As the UK prepares to debate over martial interference in the Syrian crisis, many have fully realised the huge, perhaps final, effect this decision will have on our perception of the West and the Western agenda. Much of our generation was too young to to feel the reverberating consequences of Iraq, but Syria is now, it is today. We won't look at this as a mistake of our progenitors or as a mistake of the previous government; this possible invasion will define us and the years ahead. Before, we could wring our hands and tut or applaud - though mostly in ignorance - as we debated historic events. Now, it is all too real.
Consider the rather moving letter sent by the Syrian parliament to the House of Commons, beseeching the UK not to be "reckless". The situation is so blurred that it is difficult to see any truth, let alone agree on a course of action. An early, suspicious military strike will split the West into two bickering halves and will bring back the horrors the world had to sit through a decade ago. Of course, it is admittedly foolish to entirely compare this affair to Iraq: the situation is different in many respects, the world has changed much since 2003 and the mistakes have, hopefully, been learned from. But here is a short list of hazards the UK faces in this military endeavour:
1. They will have to choose between a lesser of two evils - Assad's regime must indeed be condemned, but in wrenching away power from him they are effectively handing it over to rebel opposition, as there is no oraganised civilian movement, just guerillas.

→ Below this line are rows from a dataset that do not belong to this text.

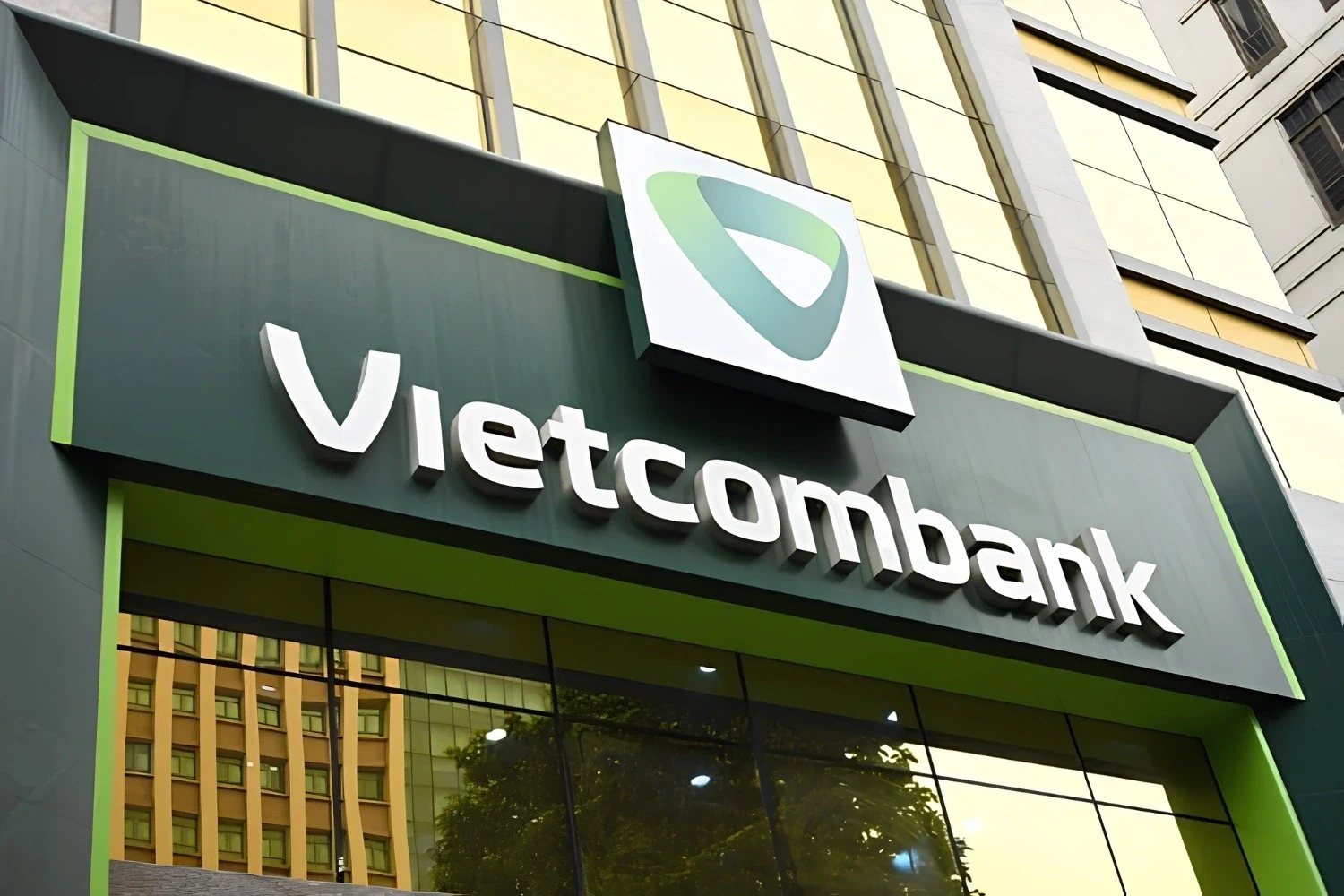 Vietcombank có lượng khách hàng lớn, giúp việc chuyển tiền và thanh toán giữa bạn bè, người thân trở nên thuận tiện hơn.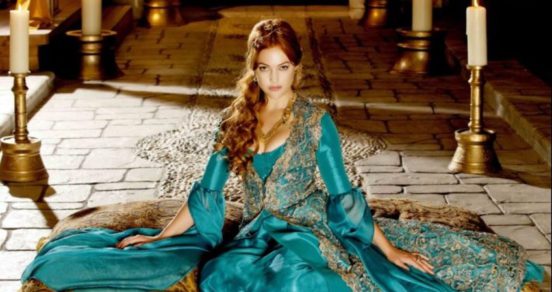 La actriz de Hürrem de la teleserie “El sultán” muestra foto sin maquillaje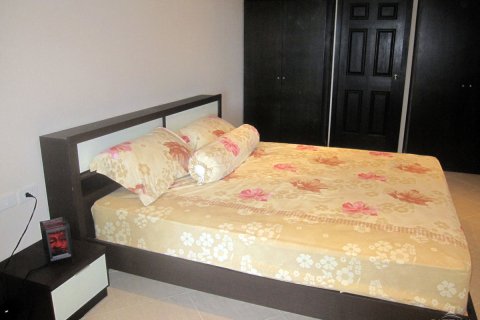Condominio de 2 dormitorios en Pattaya, Tailandia № 242645 - foto 5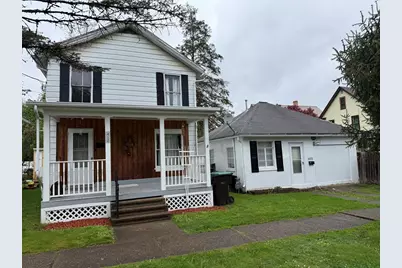 412 6th St, Franklin, PA 16323 - Photo 1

2. There is no clear goal set by the government. Is it to defend civilians? To topple the regime?
3. Should Assad fall, this will most certainly result in a power vacuum.

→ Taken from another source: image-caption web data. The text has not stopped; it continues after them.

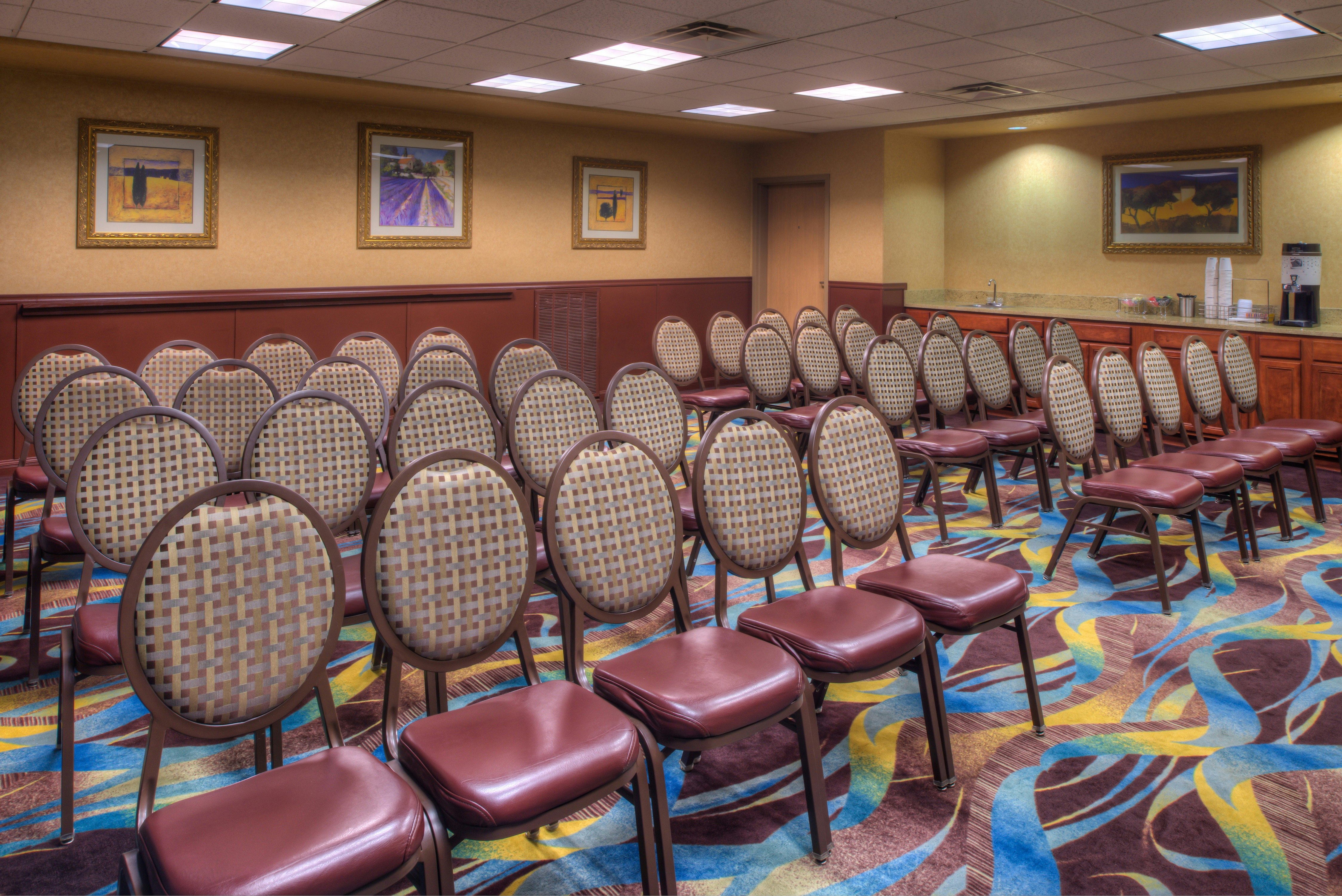 Hampton Inn Suites Ontario 52/60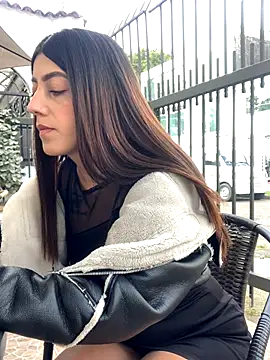 ElectraPink  online show from December 17, 2025, 12:44 pm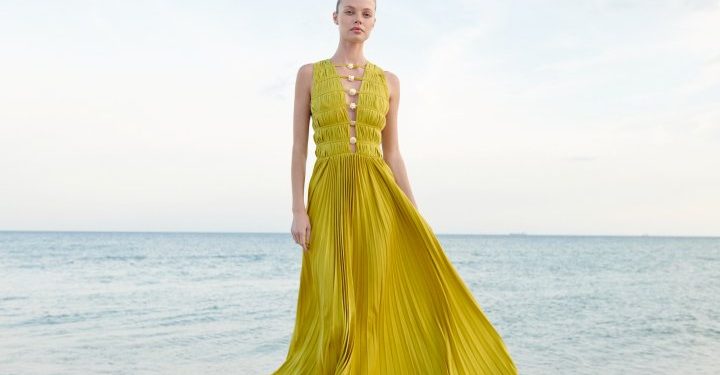 Gülnur Güneş, yeni koleksiyonunda günbatımı bir rüyanın peşinde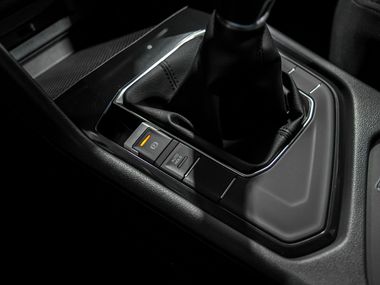 Volkswagen Tiguan 2017 года, 104 942 км - вид 11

4. The war has become far more sectarian, echoing the gruesome Sunni versus Shia annihilation war in Iraq.
5. No final hard proof of Assad's responsibility for the chemical attack.
6. No consensus from UN Security Council.
7. High costs and a possible match in martial prowess from the formidable air force of Syria (and possibly - though hopefully not - Russia), as ex-Chief of Defence Staff Sir David Richards has already pointed out.
Edmund Burke's words are a very romantic, idyllic version of world politics. At the moment the UK appears not to be the much needed good men - because for the men to be good one by default requires clarity of context and of goals - but reckless politicians playing at Cops and Robbers.
One can only hope that the Western course of action won't swiftly drag Syria through through the gates of Hell, leaving the US, UK and France to shrug apologetically and admit that 'mistakes were made'.